U.S. markets close in 5 hours 6 minutes

We're A Little Worried About Magnum Mining and Exploration's (ASX:MGU) Cash Burn Rate

Simply Wall St

We can readily understand why investors are attracted to unprofitable companies. For example, biotech and mining exploration companies often lose money for years before finding success with a new treatment or mineral discovery. But while the successes are well known, investors should not ignore the very many unprofitable companies that simply burn through all their cash and collapse.

Given this risk, we thought we'd take a look at whether Magnum Mining and Exploration (ASX:MGU) shareholders should be worried about its cash burn. In this article, we define cash burn as its annual (negative) free cash flow, which is the amount of money a company spends each year to fund its growth. The first step is to compare its cash burn with its cash reserves, to give us its 'cash runway'.

Check out our latest analysis for Magnum Mining and Exploration

When Might Magnum Mining and Exploration Run Out Of Money?

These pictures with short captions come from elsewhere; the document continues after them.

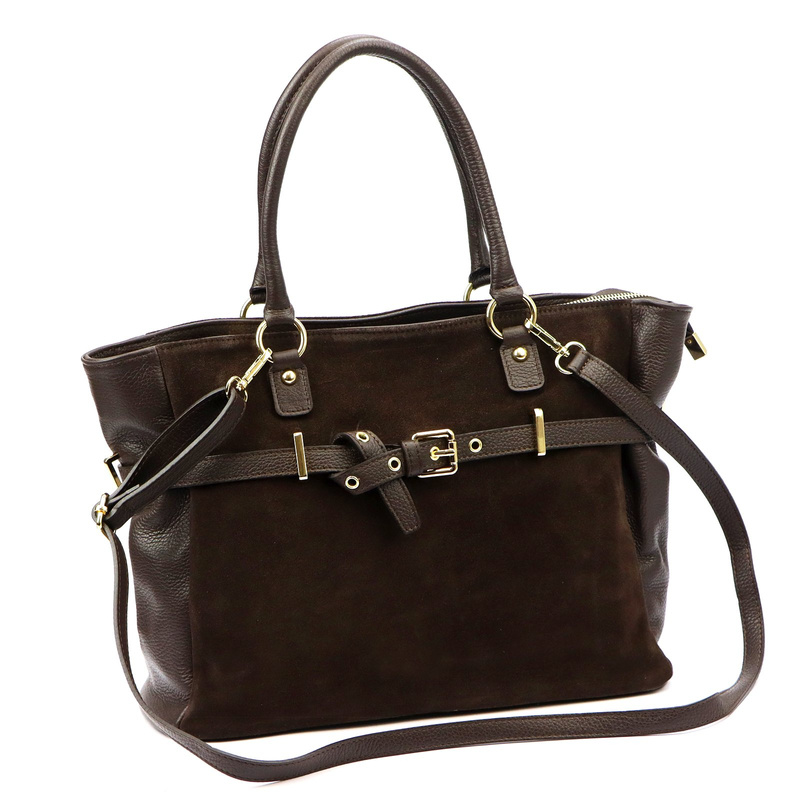 Vera Pelle damska shopperbag torebka na ramię skóra naturalna kieszenie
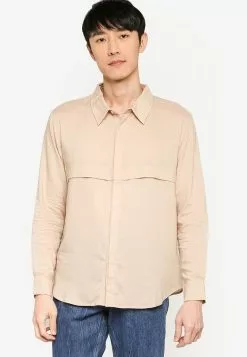 ZALORA BASICS Front Panelling Long Sleeve Shirt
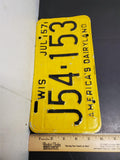 Vtg 1957 Wisconsin License Plate J54-153 America's Dairyland Automobile Collecti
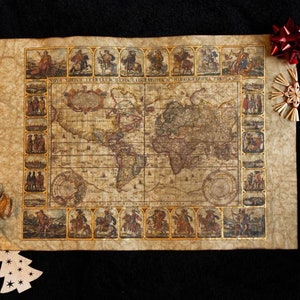 Mittelalterliche Kartenreplik • Weltkarte, Claes Janszoon Visscher, 1652 • Handgefertigter Kunstdruck, beleuchtet mit Goldfarbe, mit Bienenwachs überzogen
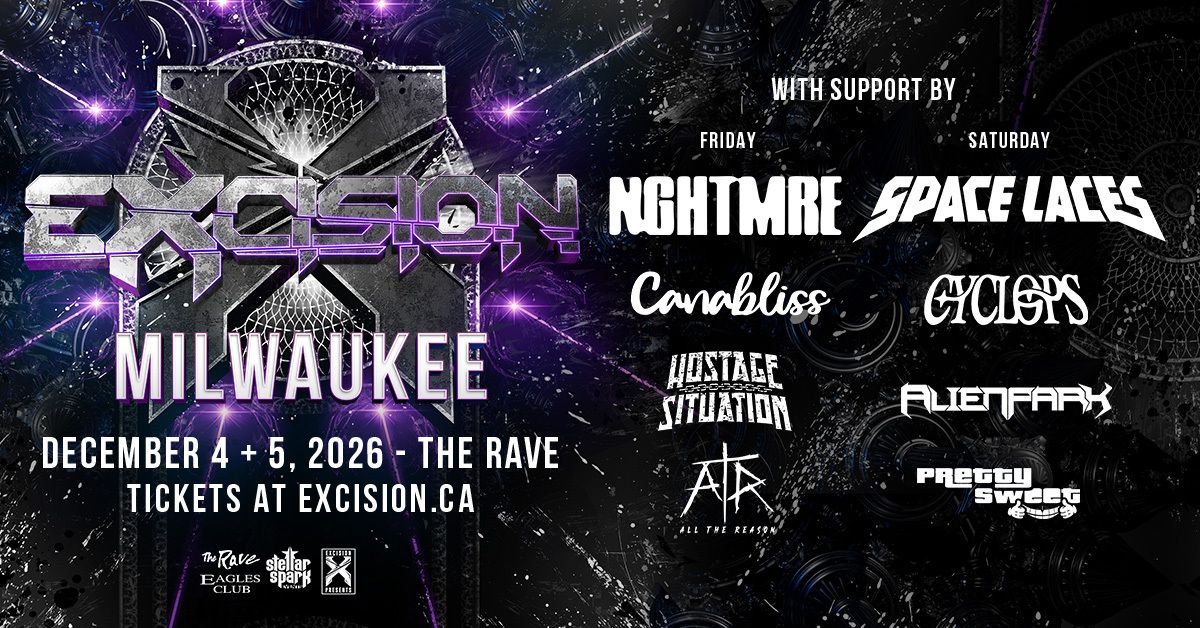 stellarspark's tweet photo. Bass heads, this is your moment 💀 The @Excision presale is LIVE with code HEADBANGER! Two nights at @TheRave:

A cash runway is defined as the length of time it would take a company to run out of money if it kept spending at its current rate of cash burn. As at December 2019, Magnum Mining and Exploration had cash of AU$147k and no debt. Importantly, its cash burn was AU$1.7m over the trailing twelve months. So it seems to us it had a cash runway of less than two months from December 2019. To be frank we are alarmed by how short that cash runway is! You can see how its cash balance has changed over time in the image below.

ASX:MGU Historical Debt May 12th 2020

How Is Magnum Mining and Exploration's Cash Burn Changing Over Time?

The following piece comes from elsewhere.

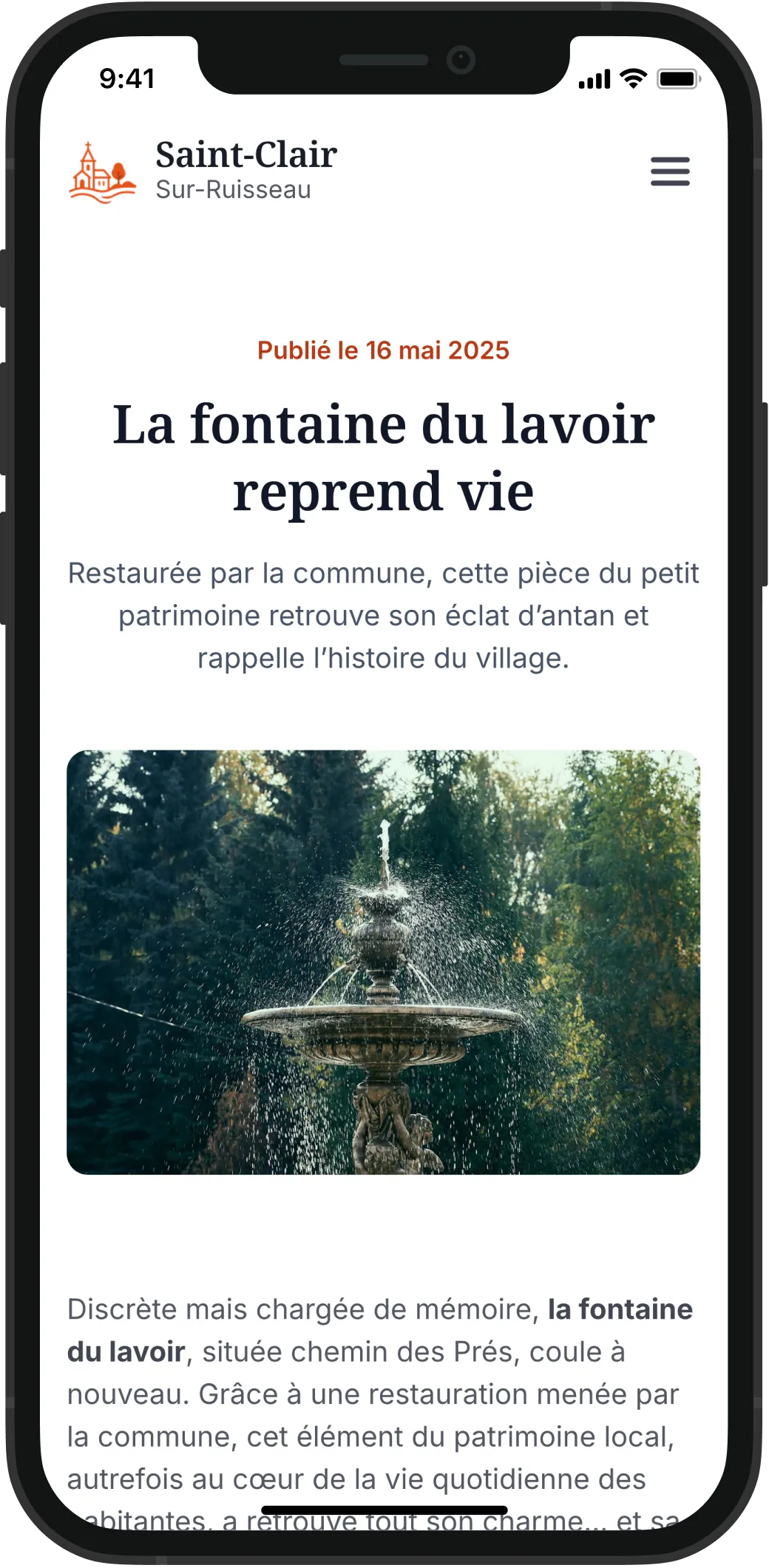 Mockup du site demo sur IPhone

Whilst it's great to see that Magnum Mining and Exploration has already begun generating revenue from operations, last year it only produced AU$126k, so we don't think it is generating significant revenue, at this point. Therefore, for the purposes of this analysis we'll focus on how the cash burn is tracking. Over the last year its cash burn actually increased by 22%, which suggests that management are increasing investment in future growth, but not too quickly. That's not necessarily a bad thing, but investors should be mindful of the fact that will shorten the cash runway. Admittedly, we're a bit cautious of Magnum Mining and Exploration due to its lack of significant operating revenues. So we'd generally prefer stocks from this list of stocks that have analysts forecasting growth.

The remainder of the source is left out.